"mampus kau dikoyak koyak sepi" sia sia 1943
Yogyakarta
penggalan sajak yang luar biasa menusuk batinku saat pertama kali membacanya, entah kapan tepatnya aku lupa. tapi tak lepas dari ingatan betapa mengenanya dan membuat aku bergumam, "kejam kau, Chairil Anwar!"
hari ini, tanggal 26 Juli 2013 dideklarasikan sebagai Hari Puisi Nasional bertepatan dengan hari lahir pujangga besar kita Chairil Anwar.
pertama aku mengenal "rasanya" disentuh oleh puisi, sajak, sastra, whateverlah itu, ya dari Chairi Anwar.
mungkin dari awal SMP hingga usiaku kini yang 21 tahun, kagum ku makin berlebih, bosan membaca karya-karyanya?? ah, tentu tidak!

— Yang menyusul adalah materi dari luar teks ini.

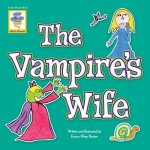 The Vampire's Wife: An Aunt Present Book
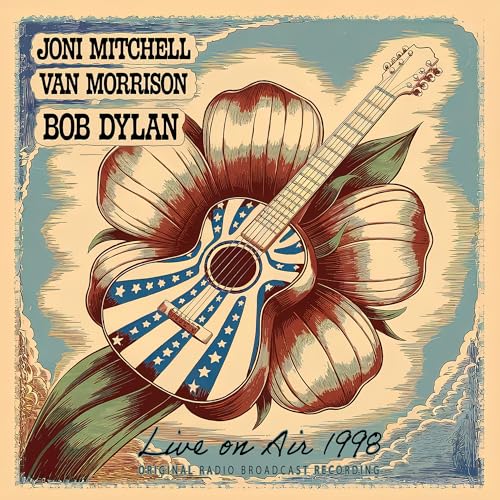 Joni & Van Morrison & Bob Dylan Mitchell - Live On Air 1998 | CD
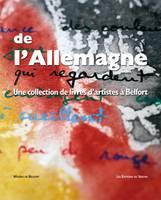 De l'Allemagne, Une collection de livres d'artistes à belfort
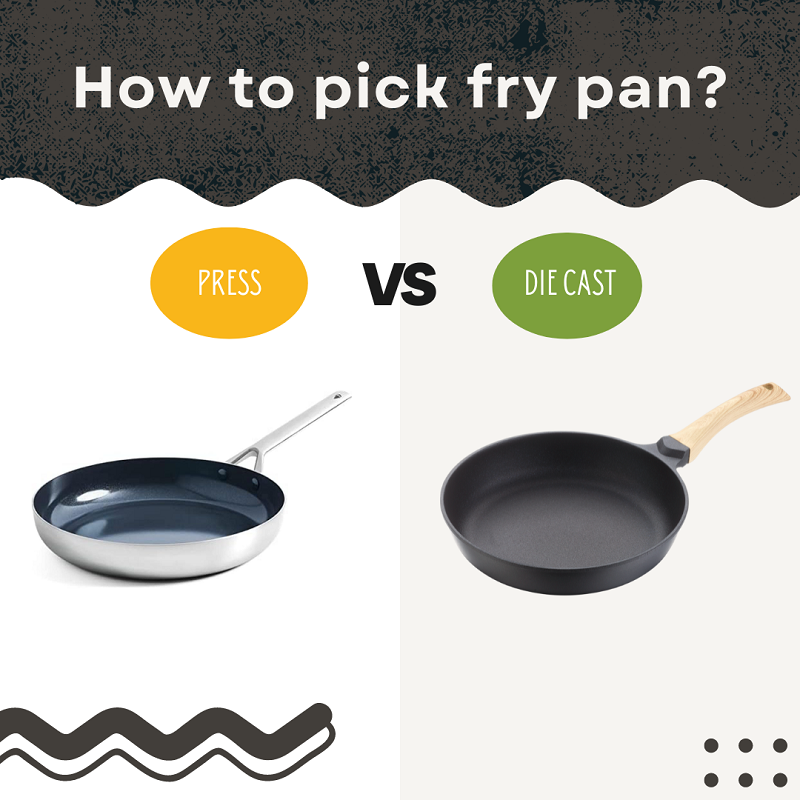 What is the different between Die cast aluminum and Press aluminum fry pan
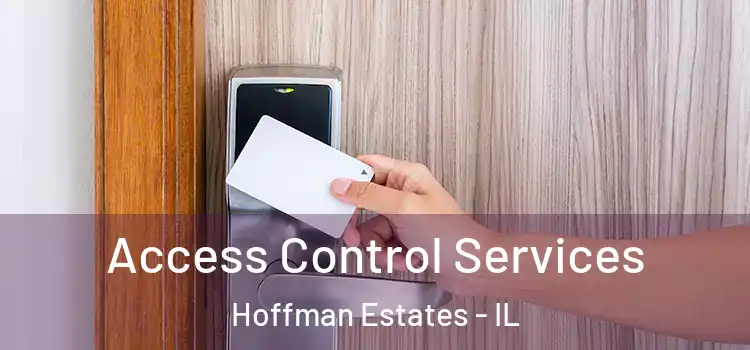 Access Control Services Hoffman Estates - IL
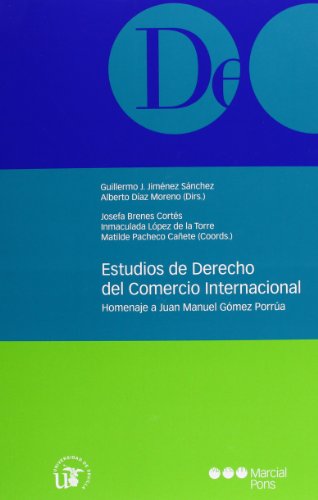 9788415664116: Estudios de Derecho del comercio internacional: Homenaje a Juan Manuel Gmez Porra (Monografa jurdica)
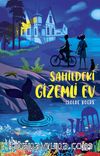 Sahildeki Gizemli Ev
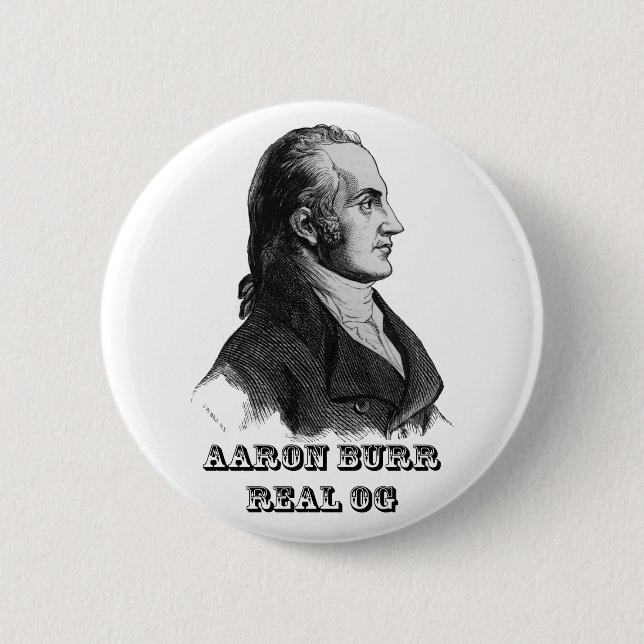 Aaron Burr Original Gangsta Button (Front)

diwaktu senggangku, entah seluncuran di dunia maya atau menjelajah toko buku, aku sambangi karya-karyanya. juga beberapa orang hebat lainnya, seperti Kahlil Gibran, Pramoedya Ananta Toer, dan masih banyak lagi.

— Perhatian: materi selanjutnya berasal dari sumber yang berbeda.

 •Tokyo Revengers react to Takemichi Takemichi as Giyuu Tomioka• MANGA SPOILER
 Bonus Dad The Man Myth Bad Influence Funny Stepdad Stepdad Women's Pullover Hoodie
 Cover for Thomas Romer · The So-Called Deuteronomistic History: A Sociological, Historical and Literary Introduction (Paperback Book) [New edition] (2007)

jujur saja, aku tak pandai membuat puisi, tapi aku terus selalu berusaha menulisnya, walaupun sering berbelok tajam menjadi sebuah tulisan yang "bukan puisi" haha
tapi menurutku, membaca puisi itu sudah cukup membahagiakan (atau apa ya istilahnya, pokoknya rasanya gimanaa gitu)
segelintir orang mengatakan, "puisi itu identik dengan orang galau" iiiihh...enggak! kali aja situ yang baca menghayati banget karena situ yang galau sendiri dan ngrasa tertusuk sama itu puisi, LOL!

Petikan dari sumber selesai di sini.